Hier sind beide Seiten gefordert oder vielmehr jeder Einzelne für sich und in Achtsamkeit auch für das Team. Viel mehr, als bisher, gilt es aber für jeden Einzelnen, Selbstfürsorge zu lernen, anzuwenden und bei sich selbst Frühwarnsignale zu erkennen. Das gilt insbesondere für die zunehmende Selbstverantwortung im Job. Wichtig ist, für ausreichende Ruhepausen zu sorgen und auch Zeiten des Nichtstuns einzuplanen. Die meisten von uns haben zu viele Hüte auf, wollen alles und das möglichst perfekt. Hier hilft Fokus, das heißt, volle Konzentration während der Tätigkeiten und auch mal radikal ausmisten. Was ist wirklich wichtig und notwendig? Frühwarnsignale sind hierbei individuell, jeder sollte seine persönlichen kennenlernen: werde ich bei Belastung hektischer? Gereizter? Fange ich an, mich zurückzuziehen? Mache ich mehr Fehler? Hier gibt es sehr wirksame Werkzeuge für den Alltag, um diese Achtsamkeit zu trainieren und die eigene Gesundheit und Leistungsfähigkeit zu steuern. Resilienz ist in diesem Zusammenhang die Schlüsselkompetenz der Zukunft. Für Arbeitsteams gilt dasselbe. Flow kann nur entstehen, wenn ein Klima der gegenseitigen Wertschätzung herrscht, die Mitglieder sich in der Lage sehen, die Arbeit zu schaffen und beteiligt werden. In diesem Klima, das Talente fördert und Vielfalt würdigt, aber auch Konflikte konstruktiv gelöst werden, können Mitarbeitende ihre Potenziale entfalten.

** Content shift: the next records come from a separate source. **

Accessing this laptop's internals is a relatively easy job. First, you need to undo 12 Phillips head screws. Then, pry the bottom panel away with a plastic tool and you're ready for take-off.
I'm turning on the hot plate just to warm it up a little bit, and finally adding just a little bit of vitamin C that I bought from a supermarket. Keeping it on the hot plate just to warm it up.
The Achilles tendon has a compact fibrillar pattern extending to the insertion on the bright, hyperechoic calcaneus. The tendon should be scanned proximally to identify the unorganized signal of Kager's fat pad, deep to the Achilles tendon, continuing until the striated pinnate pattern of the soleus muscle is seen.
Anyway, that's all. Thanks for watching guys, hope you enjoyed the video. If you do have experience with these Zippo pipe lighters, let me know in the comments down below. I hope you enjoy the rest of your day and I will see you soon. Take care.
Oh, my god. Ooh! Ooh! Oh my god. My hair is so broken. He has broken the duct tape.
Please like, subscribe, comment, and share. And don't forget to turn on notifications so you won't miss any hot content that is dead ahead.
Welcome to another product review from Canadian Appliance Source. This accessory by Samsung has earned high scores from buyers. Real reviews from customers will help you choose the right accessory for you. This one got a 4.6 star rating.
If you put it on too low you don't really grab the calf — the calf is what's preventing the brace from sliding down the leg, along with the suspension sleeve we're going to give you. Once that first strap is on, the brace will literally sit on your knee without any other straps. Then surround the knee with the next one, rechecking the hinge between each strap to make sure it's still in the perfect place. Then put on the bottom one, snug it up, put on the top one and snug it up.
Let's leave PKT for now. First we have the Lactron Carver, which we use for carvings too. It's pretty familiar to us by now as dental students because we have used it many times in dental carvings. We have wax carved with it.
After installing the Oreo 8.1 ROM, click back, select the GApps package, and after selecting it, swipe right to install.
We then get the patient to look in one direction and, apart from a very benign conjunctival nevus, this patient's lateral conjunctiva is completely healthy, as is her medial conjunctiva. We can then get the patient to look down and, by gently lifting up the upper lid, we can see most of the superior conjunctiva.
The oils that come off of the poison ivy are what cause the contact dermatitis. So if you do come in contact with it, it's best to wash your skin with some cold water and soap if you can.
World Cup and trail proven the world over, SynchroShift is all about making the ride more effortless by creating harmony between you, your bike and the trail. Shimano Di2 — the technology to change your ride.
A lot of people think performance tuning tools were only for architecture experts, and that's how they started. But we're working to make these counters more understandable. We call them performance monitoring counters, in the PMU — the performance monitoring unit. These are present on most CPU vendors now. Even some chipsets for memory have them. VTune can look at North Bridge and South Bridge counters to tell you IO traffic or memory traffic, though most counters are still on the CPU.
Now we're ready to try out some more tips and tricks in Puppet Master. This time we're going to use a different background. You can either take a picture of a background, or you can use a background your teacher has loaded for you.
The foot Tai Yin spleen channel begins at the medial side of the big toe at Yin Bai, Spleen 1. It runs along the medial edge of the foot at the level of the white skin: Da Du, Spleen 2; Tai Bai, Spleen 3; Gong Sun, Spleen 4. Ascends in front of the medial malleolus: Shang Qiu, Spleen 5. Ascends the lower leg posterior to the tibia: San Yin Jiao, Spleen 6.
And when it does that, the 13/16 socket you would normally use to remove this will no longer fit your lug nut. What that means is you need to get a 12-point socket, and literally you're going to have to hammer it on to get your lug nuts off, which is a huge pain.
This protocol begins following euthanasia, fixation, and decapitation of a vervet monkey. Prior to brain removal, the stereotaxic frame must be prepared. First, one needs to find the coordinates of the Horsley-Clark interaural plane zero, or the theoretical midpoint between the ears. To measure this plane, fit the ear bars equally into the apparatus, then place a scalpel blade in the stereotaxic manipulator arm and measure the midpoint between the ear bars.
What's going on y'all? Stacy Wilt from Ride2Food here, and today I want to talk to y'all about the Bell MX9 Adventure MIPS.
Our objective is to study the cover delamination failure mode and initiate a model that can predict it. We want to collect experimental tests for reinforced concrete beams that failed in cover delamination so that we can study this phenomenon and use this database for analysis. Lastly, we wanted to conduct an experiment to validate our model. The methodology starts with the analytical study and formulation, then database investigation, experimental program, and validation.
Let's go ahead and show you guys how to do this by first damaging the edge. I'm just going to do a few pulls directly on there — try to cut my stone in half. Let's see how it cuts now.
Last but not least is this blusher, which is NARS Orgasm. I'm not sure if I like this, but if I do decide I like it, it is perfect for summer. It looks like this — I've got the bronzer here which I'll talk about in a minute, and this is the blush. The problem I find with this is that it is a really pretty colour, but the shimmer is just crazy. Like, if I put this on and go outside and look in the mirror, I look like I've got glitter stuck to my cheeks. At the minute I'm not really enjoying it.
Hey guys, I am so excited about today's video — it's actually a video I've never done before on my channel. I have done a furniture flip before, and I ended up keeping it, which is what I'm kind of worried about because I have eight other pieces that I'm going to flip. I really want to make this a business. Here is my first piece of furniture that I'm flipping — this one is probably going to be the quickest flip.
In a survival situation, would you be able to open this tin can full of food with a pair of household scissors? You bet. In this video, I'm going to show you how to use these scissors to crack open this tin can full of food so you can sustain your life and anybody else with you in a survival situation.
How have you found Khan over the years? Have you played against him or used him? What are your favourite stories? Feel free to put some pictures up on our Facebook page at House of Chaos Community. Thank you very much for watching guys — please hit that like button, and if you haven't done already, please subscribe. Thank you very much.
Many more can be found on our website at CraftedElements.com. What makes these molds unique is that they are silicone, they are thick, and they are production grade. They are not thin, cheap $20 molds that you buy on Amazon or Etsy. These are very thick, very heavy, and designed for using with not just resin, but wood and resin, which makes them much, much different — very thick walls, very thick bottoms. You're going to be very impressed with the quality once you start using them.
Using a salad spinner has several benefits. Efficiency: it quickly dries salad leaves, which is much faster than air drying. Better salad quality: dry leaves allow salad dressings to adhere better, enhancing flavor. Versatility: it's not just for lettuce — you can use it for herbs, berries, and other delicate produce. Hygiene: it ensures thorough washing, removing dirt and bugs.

Fazit: Wie sollen wir Individuen, jetzt, wo wir alle eigenständig und kreativ geworden sind, letztendlich zusammenarbeiten?
Die Frage würde so im Rahmen der Neuen Arbeit gar nicht gestellt werden, denn die Teams entscheiden immer wieder selbst, wie sie am besten zusammenarbeiten, damit sie bestmöglich kreativ und produktiv arbeiten können.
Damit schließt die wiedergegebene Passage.